§ **Problem to work on**
Which lines run from the one containing "Ein modernes Hotelzimmer" through the last line of the records? Copy them exactly, leaving pictures out.
====== Data shown ======
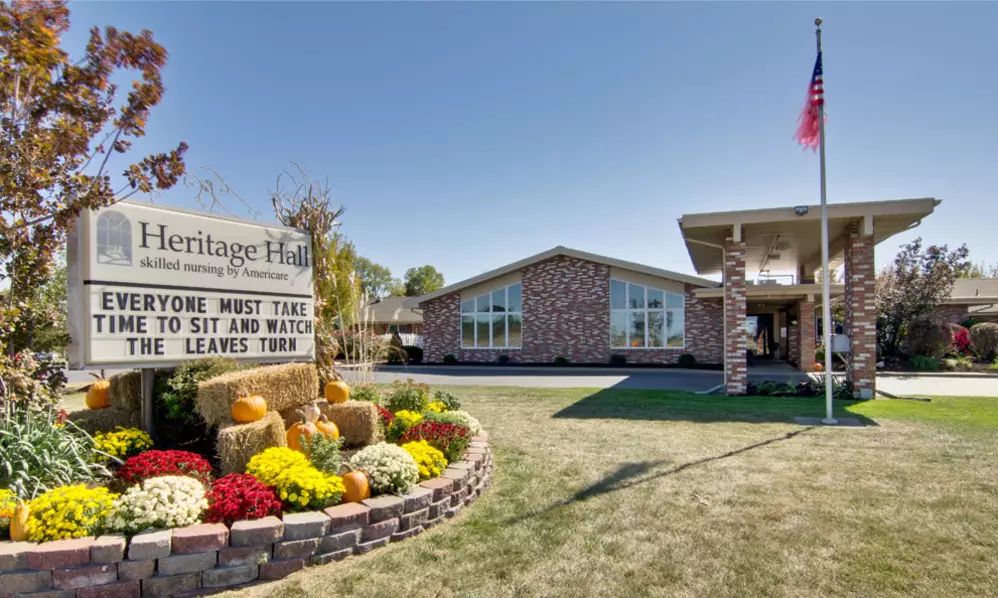 A building with a stone facade, surrounded by a landscaped area featuring autumn flowers and a sign that reads 'Vintage Hills'.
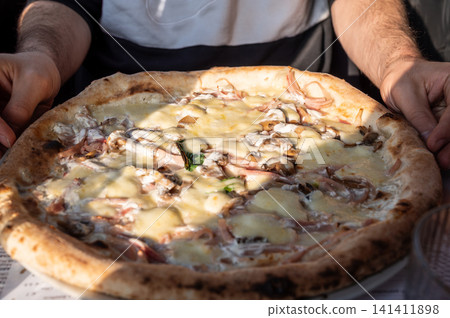 Naples, italy. December 30, 2024. Freshly baked neapolitan pizza with melted mozzarella, prosciutto, and mushrooms, ready to eat in naples, italy 141411898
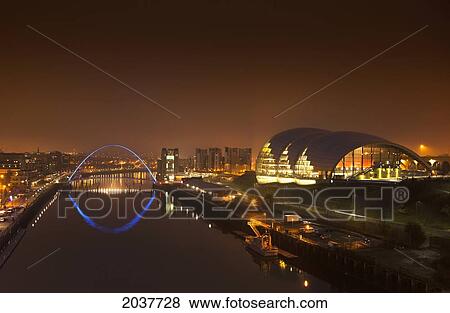 Stock Photo - City And River Tyne Illuminated At Night; Newcastle Northumberland England. Fotosearch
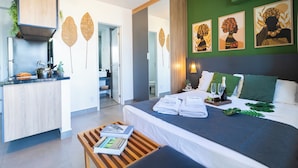Ein modernes Hotelzimmer mit Bett, einem Holztischchen, einer Küchenzeile und Kunstwerken an den Wänden.
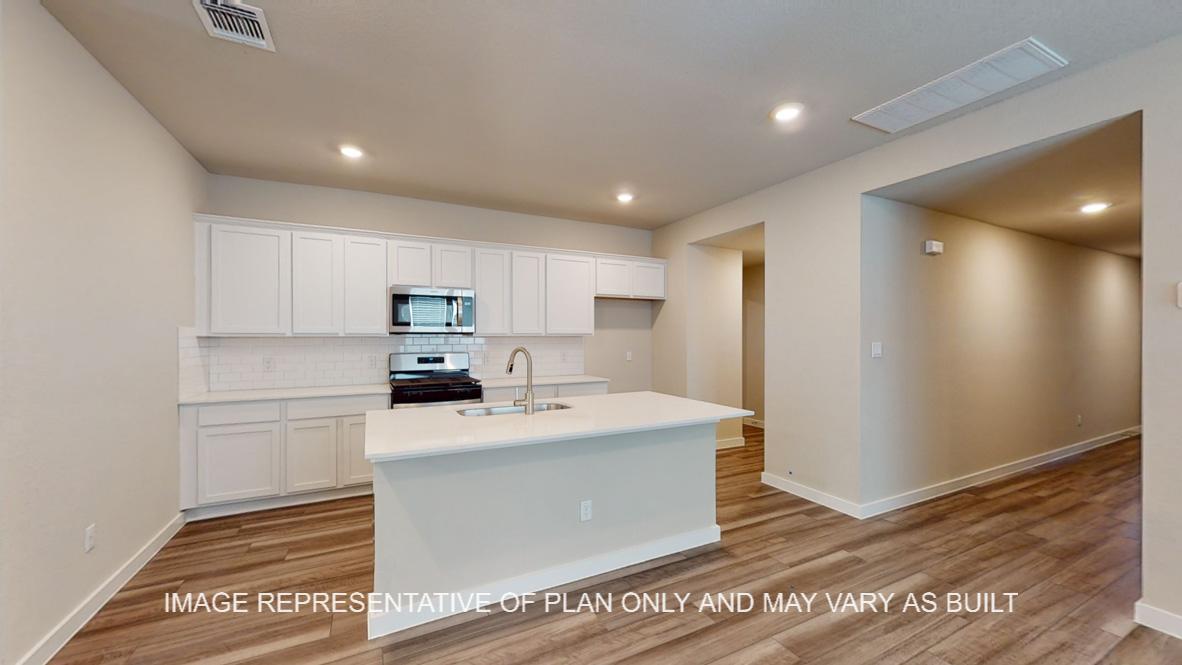 Caden kitchen with kitchen island, vinyl plank flooring and white cabinets.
======
§ **Final answer**
Ein modernes Hotelzimmer mit Bett, einem Holztischchen, einer Küchenzeile und Kunstwerken an den Wänden.
 Caden kitchen with kitchen island, vinyl plank flooring and white cabinets.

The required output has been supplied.